4月7日に出された緊急事態宣言も全都道府県で解除され、今後は「第2波」との戦いに焦点が移るが、懸念されるのは経済への打撃だ。
国や各自治体からは、コロナショックが直撃した事業者や生活者に向けた支援策が次々と打ち出されている。しかし、そうした施策は皮肉にも、悪徳業者に甘い汁を吸わせる格好の的となってしまうかもしれない。巷では、給付金を食い物にする悪徳ビジネスが雨後の筍のように出現しているのだ。
都内で飲食店を家族経営する女性が明かす。
「ゴールデンウィークが明けた頃から『デリバリー用の販促物を作りませんか?』という営業電話がかかってくるようになりました。それも複数社からです。それぞれ違う業者なのに、口を揃えて『キックバックします』という。
どうやら東京都の業態転換支援事業というのがあって、デリバリーやテイクアウトのための販促費の5分の4、上限100万円まで助成金が出るという。
ある業者はウェブ用のメニュー制作を70万円でやらせてくださいと言ってきた。カラクリは『領収書は125万円で発行する。それで助成金を申し込めば100万円が出る。無料でメニューができるうえ、30万円が手に入りますよ!』というもの。
こうした営業電話は毎日のようにかかってくると同業者も言ってます」
2兆3000億円という、前例のない巨額予算がついた持続化給付金事業を“ネタ”にする悪徳業者もいる。詐欺事情に詳しいフリーライターの奥窪優木氏は話す。
「怪しい金儲けの情報が集まるSNSのクローズドなコミュニティには、『持続化給付金申請代理。会社員でも無職でも、もらえます』と謳う怪しい投稿がいくつもあります。本来、事業収入のない会社員は対象外なのですが、ペーパーカンパニーから昨年『調査委託費』などの名目で、100万円の支払いをしていたように見せかけて事業収益があったことにし、不正申請を代行するのです。

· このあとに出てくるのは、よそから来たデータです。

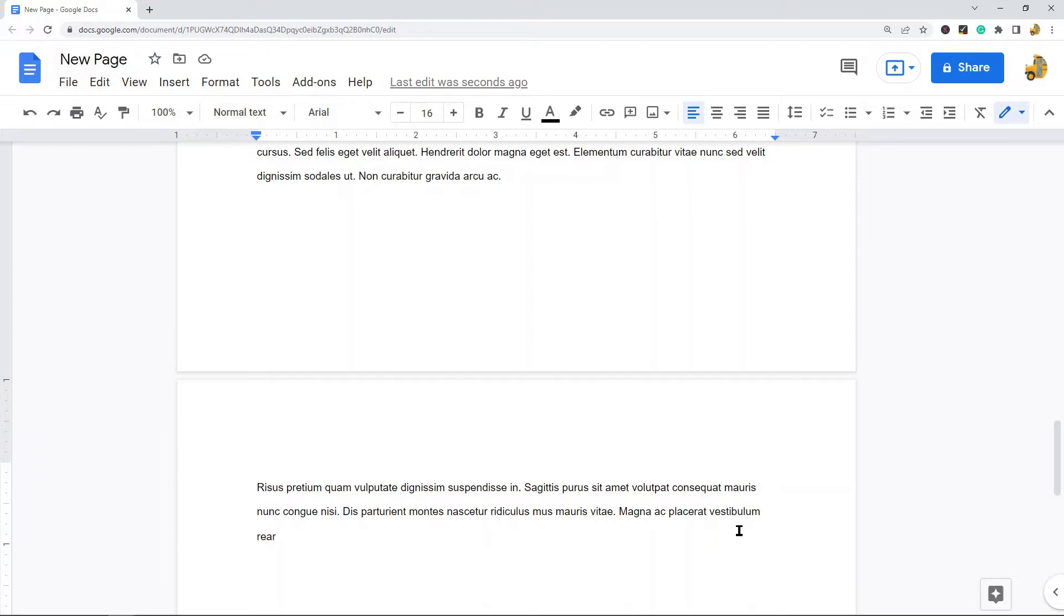So if you actually want to type on the page, don't worry about it and just continue typing and you will see that a new page is automatically created. However, if you want a blank page, then the way we insert the page is a little different.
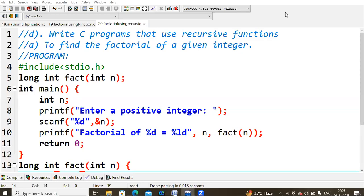In this lecture we are going to learn about factorial of a number using a recursive function. A function is a piece of code which performs a particular task, and there are two types: recursive functions and non-recursive functions. A recursive function is a function that calls itself. The same factorial program without recursion was covered in a previous lecture, so please go through that first.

この場合、会社員は100万円を昨年分の売り上げとして計上し、確定申告する。そして今年、事業収入がゼロであれば、持続化給付金の満額100万円をもらえるという仕組みです。役所もすべて細かくチェックはできないから、ほとんどが通ってしまう。血税が本来困った人に渡っていないのは問題です」
こうした違法な給付金詐取指南の多くは、10~30%の手数料を取ることで収益を得ている。一部の転売ヤーや仮想通貨のICO(株式でいう未公開株の公開のような制度)で儲けたグレーゾーンの住人が手を染めているケースが多いというが、中には「手数料無料」というものまである。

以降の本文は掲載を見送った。